* _Task goal_
Exactly the lines from the one holding "Click on the" through the end of the material below must be printed, nothing more, and the pictures must be dropped.

*** Opening of Data to use ***

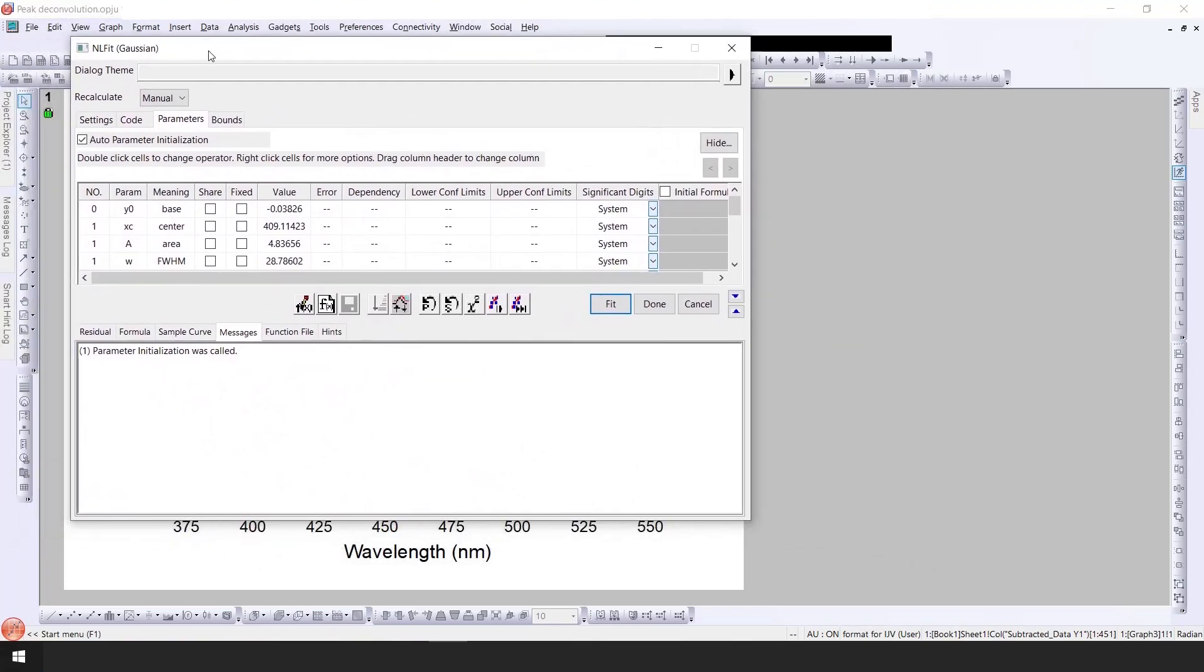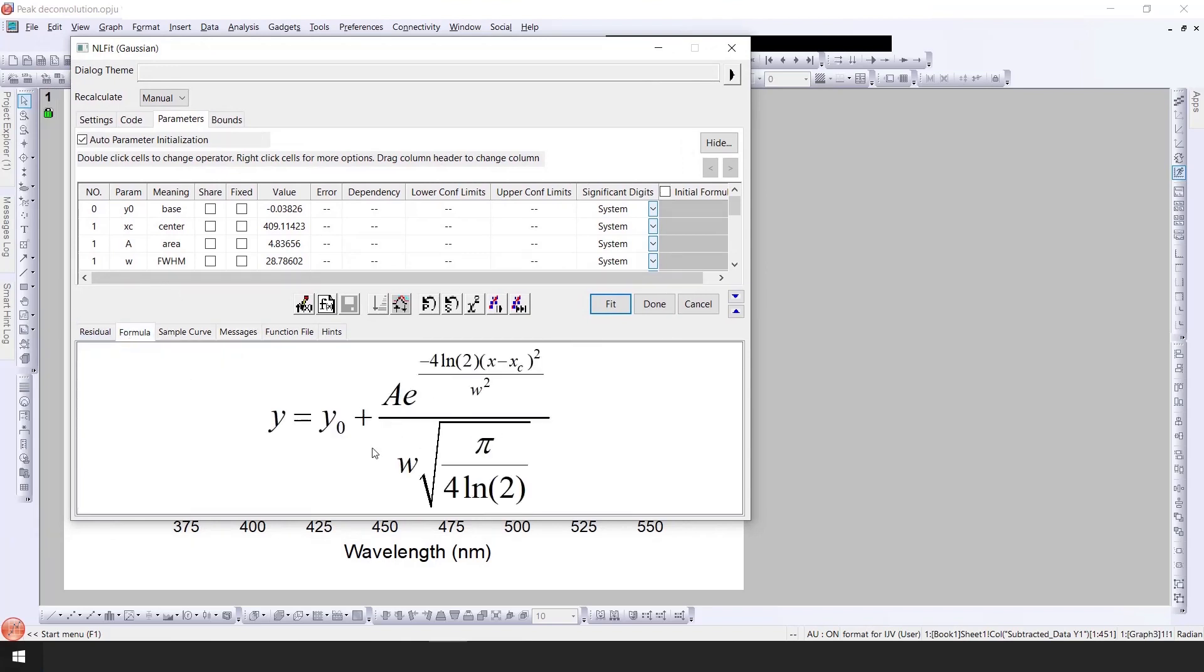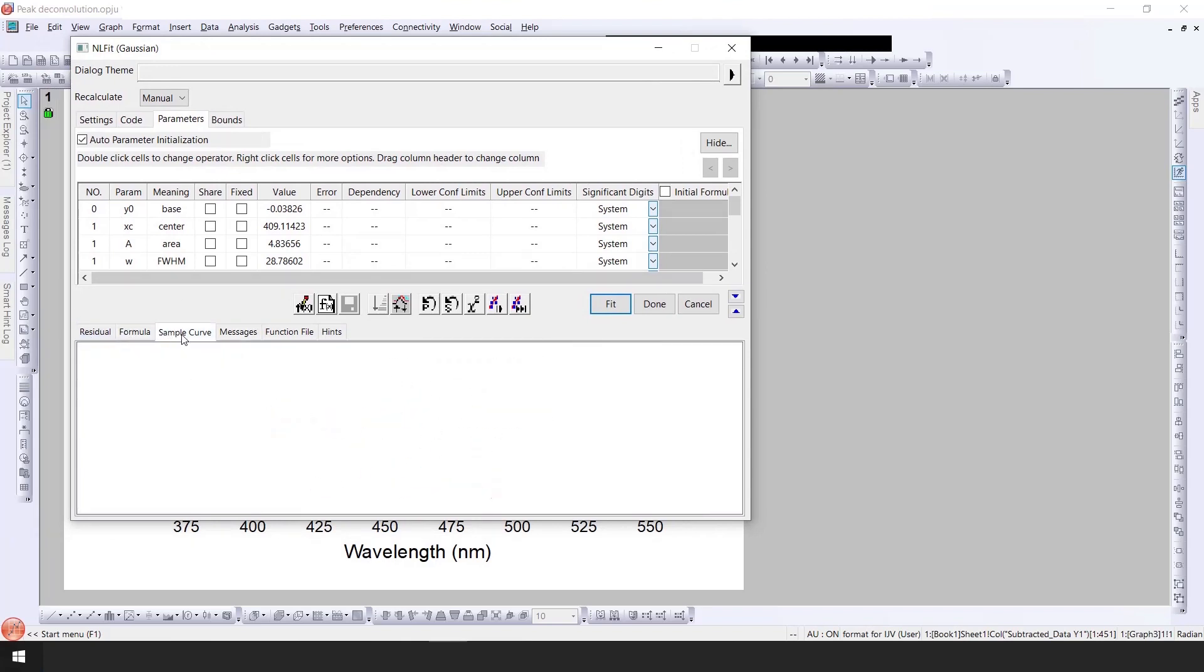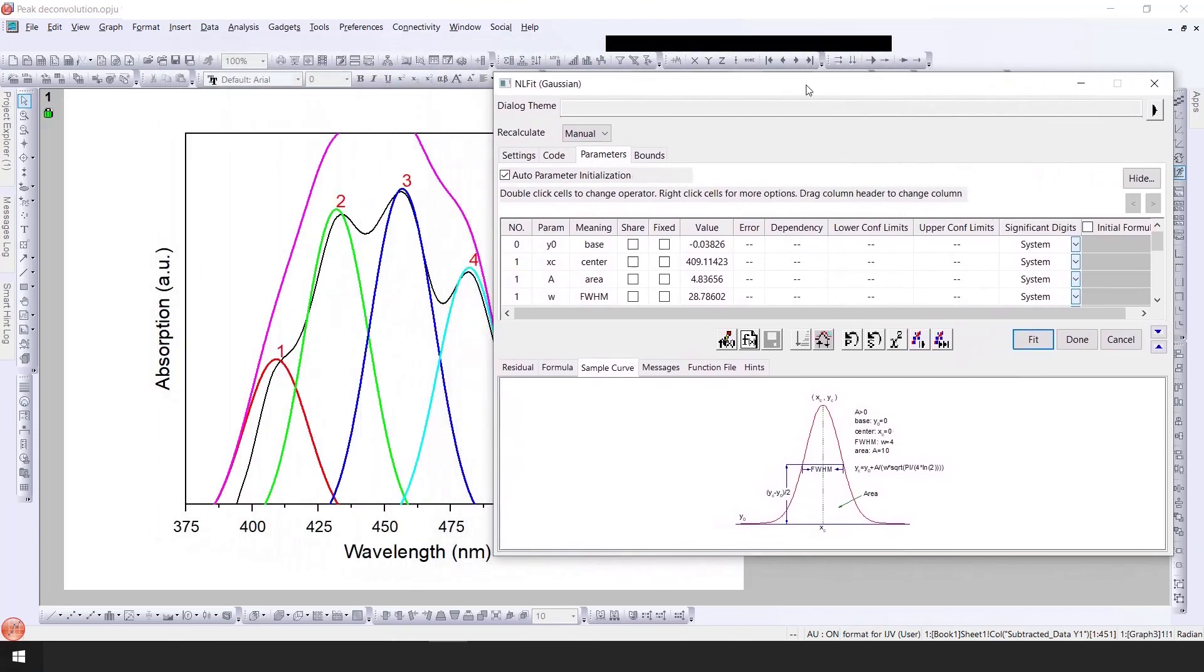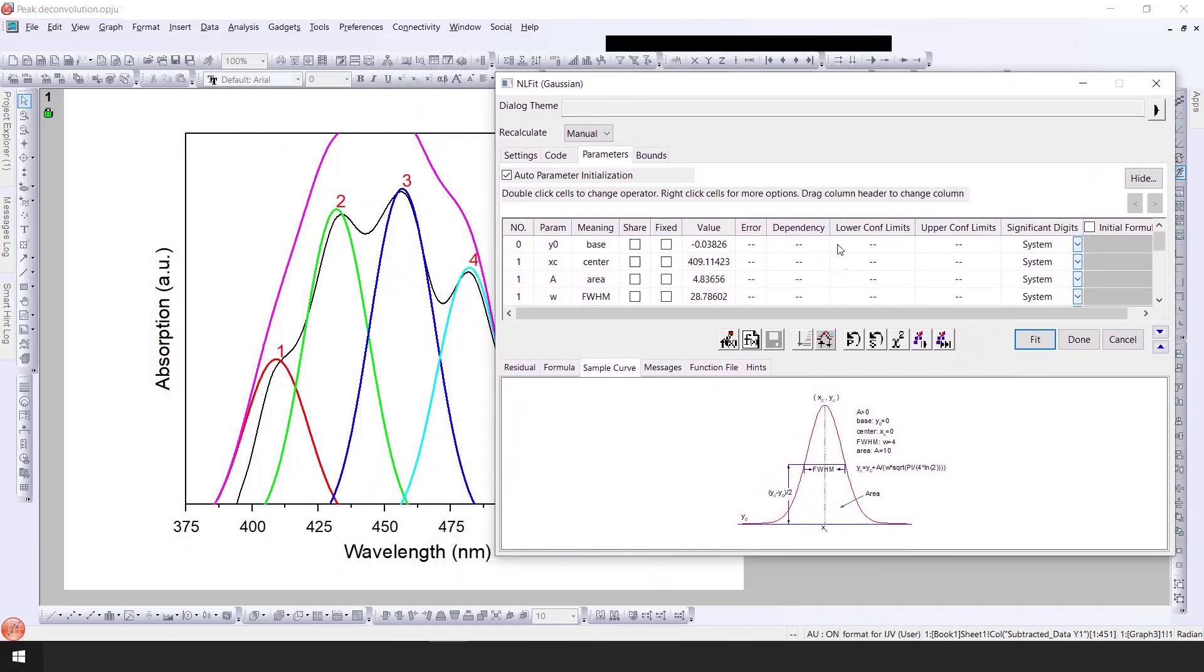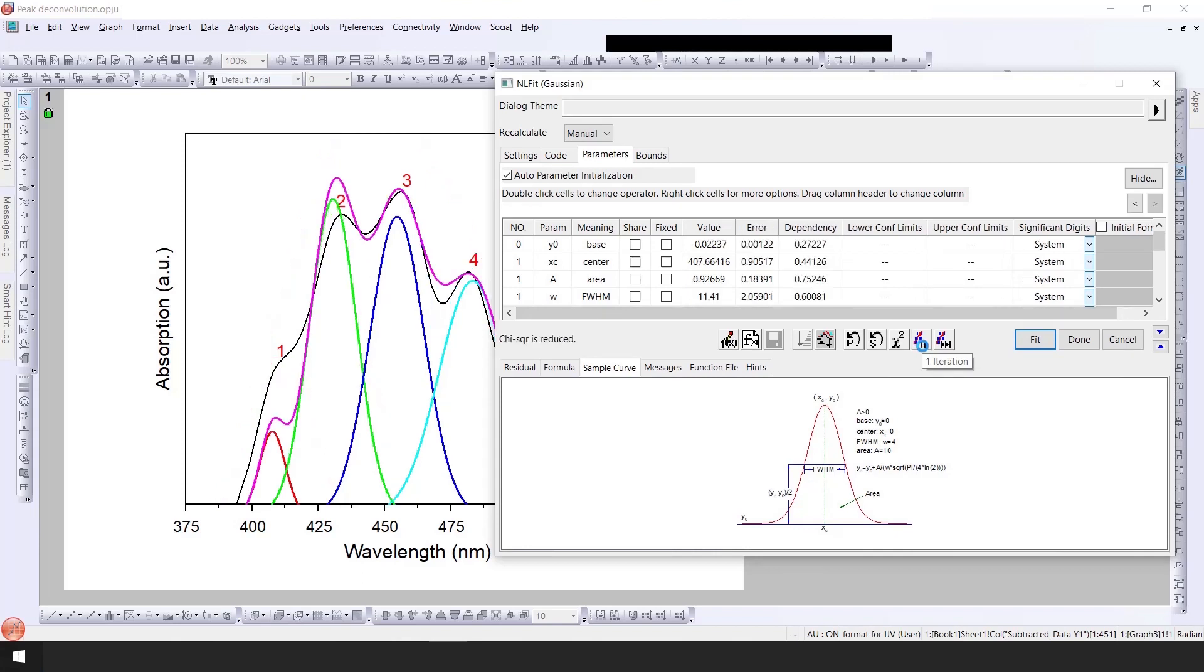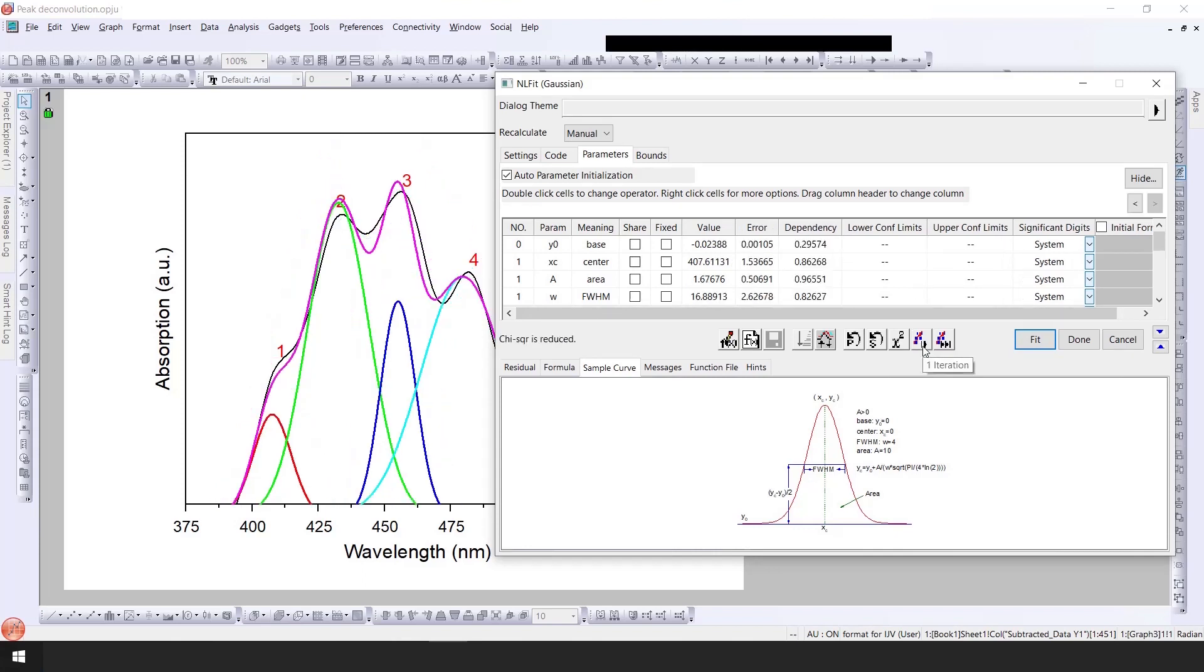You can see here we have used the formula of Gaussian peak fit and this is the sample curve. We do the multi-fitting or decomposition of the peaks in iterative manner by just clicking one by one iteration or we can simply click on this button to fit until the whole decomposition converges. Let me show you the peaks. If I click here it will show the first iteration and then second iteration.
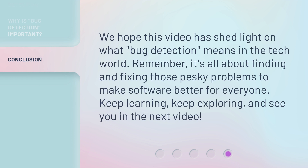We hope this video has shed light on what bug detection means in the tech world. Remember, it's all about finding and fixing those pesky problems to make software better for everyone. Keep learning, keep exploring, and see you in the next video.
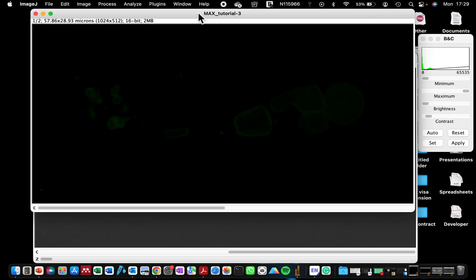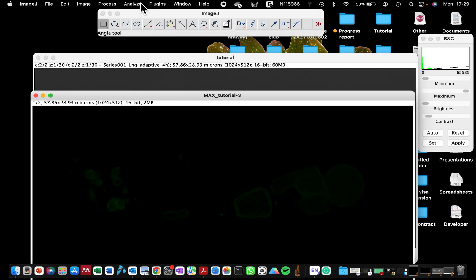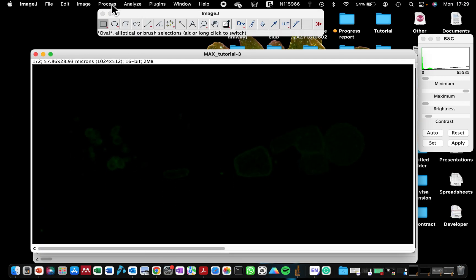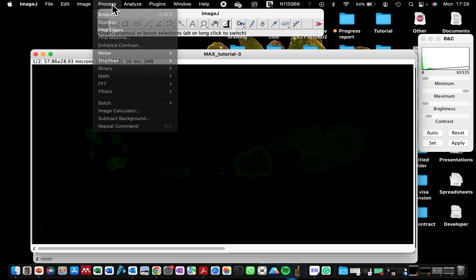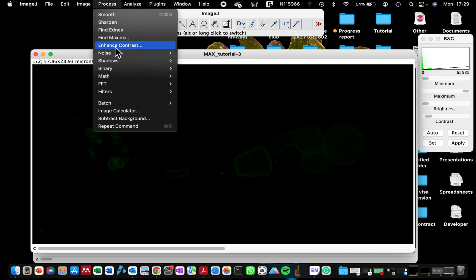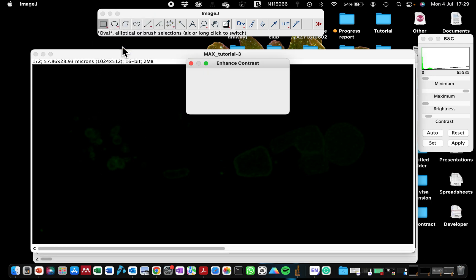So the second option that I was talking about is to use the enhanced contrast, which is just by going to Process. And you can see here it says Enhanced Contrast. If you click on that.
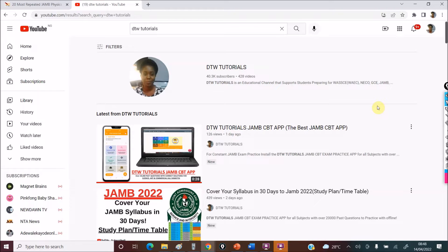I'm an advocate of you trying to complete your syllabus before any exam, and the key to completing a syllabus is starting early — read early. For those that haven't finished the syllabus yet, try to make sure you know these topics. For those that have, also try to make sure you understand these topics critically well.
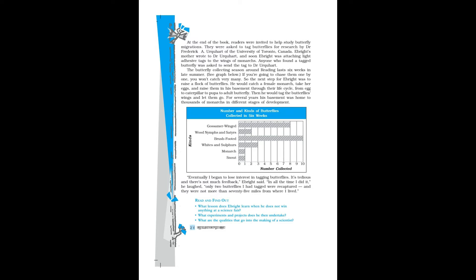At the end of the book, readers were invited to help study butterfly migrations. They were asked to tag butterflies for research by Dr. Frederick A. Urquhart of the University of Toronto, Canada. Ebright's mother wrote to Dr. Urquhart, and soon Ebright was attaching light adhesive tags to the wings of monarchs. Anyone who found the tagged butterfly was asked to send the tag to Dr. Urquhart.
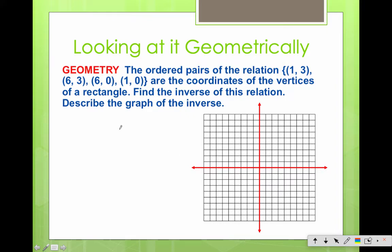Next, if we're going to talk about the coordinates and find the inverse on a graph, I could plot (1, 3), (6, 3), (6, 0), and (1, 0). We've got a rectangle — pretty easy.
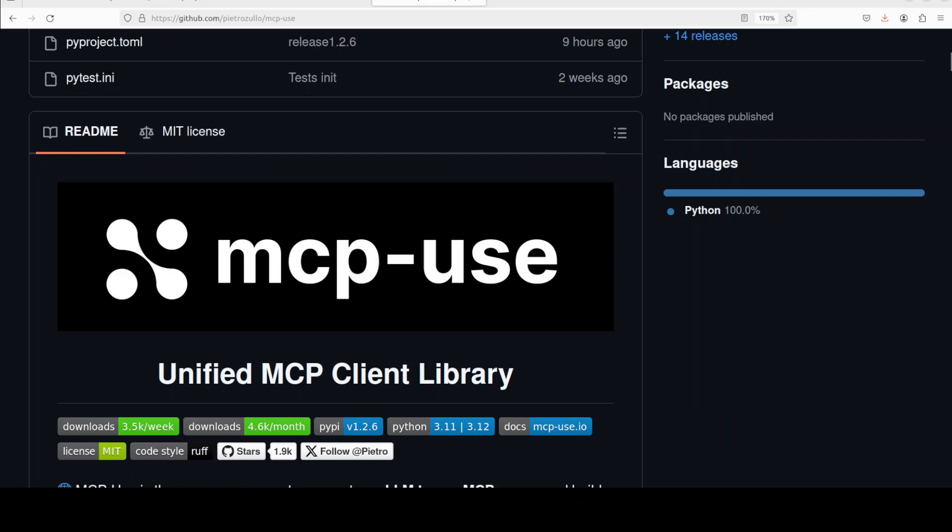Hi everyone, this is Fahad Mirza and I welcome you to the channel. Anthropic's MCP has become quite popular. It's an open standard that enables developers to build secure two-way connections between their data sources and AI-powered tools. The architecture is straightforward and very simple.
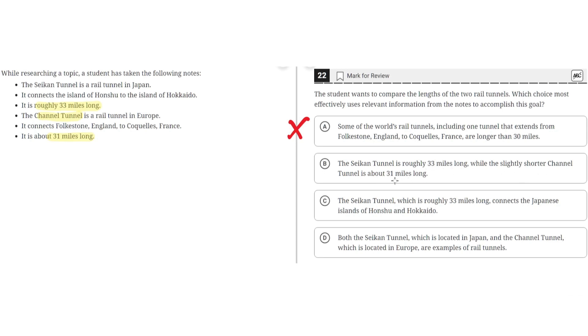and the Channel Tunnel, which is 31 miles long. And it says how the Seiken Tunnel is slightly larger, or the Channel Tunnel is slightly shorter than the Seiken Tunnel. So B seems to be the correct answer.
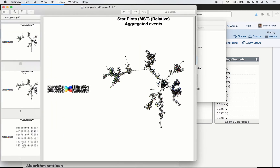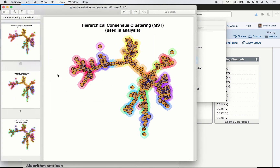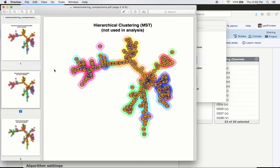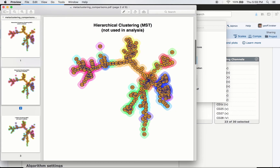There are also star plots, where each cluster node is a star chart showing the proportion of events colored by phenotype. When clusters are grouped closely together this can be difficult to read, especially with many channels. Finally, you can see the meta-cluster comparisons showing how hierarchical consensus clustering worked — and if curious, you can click to see how k-means or hierarchical without consensus would have meta-clustered your data.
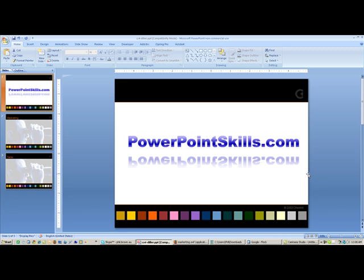Welcome to PowerPointSkills.com. This section is a little bit advanced, but it involves inserting Flash SWF files into your PowerPoint presentations.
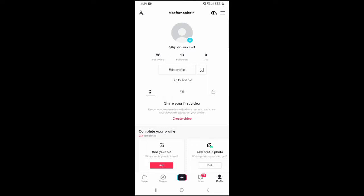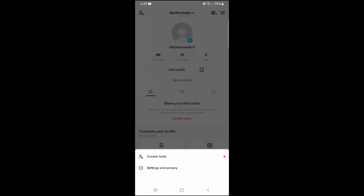Click on the three horizontal lines in the top right corner. Then click on settings and privacy.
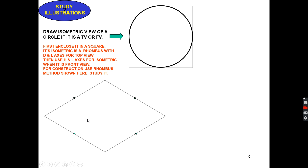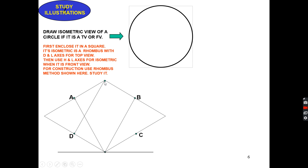From one point, join point A and point B. Similarly, from another point, join point D and point C. By doing that you will get two intersection points, named 1 and 2. So you are naming all four points as 1, 2, 3, and 4. You should remember that you are selecting those points where the angle is more than 90 degrees.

*** Close of Data to use ***

* _Result for this exercise_
Click on the three horizontal lines in the top right corner. Then click on settings and privacy.
From one point, join point A and point B. Similarly, from another point, join point D and point C. By doing that you will get two intersection points, named 1 and 2. So you are naming all four points as 1, 2, 3, and 4. You should remember that you are selecting those points where the angle is more than 90 degrees.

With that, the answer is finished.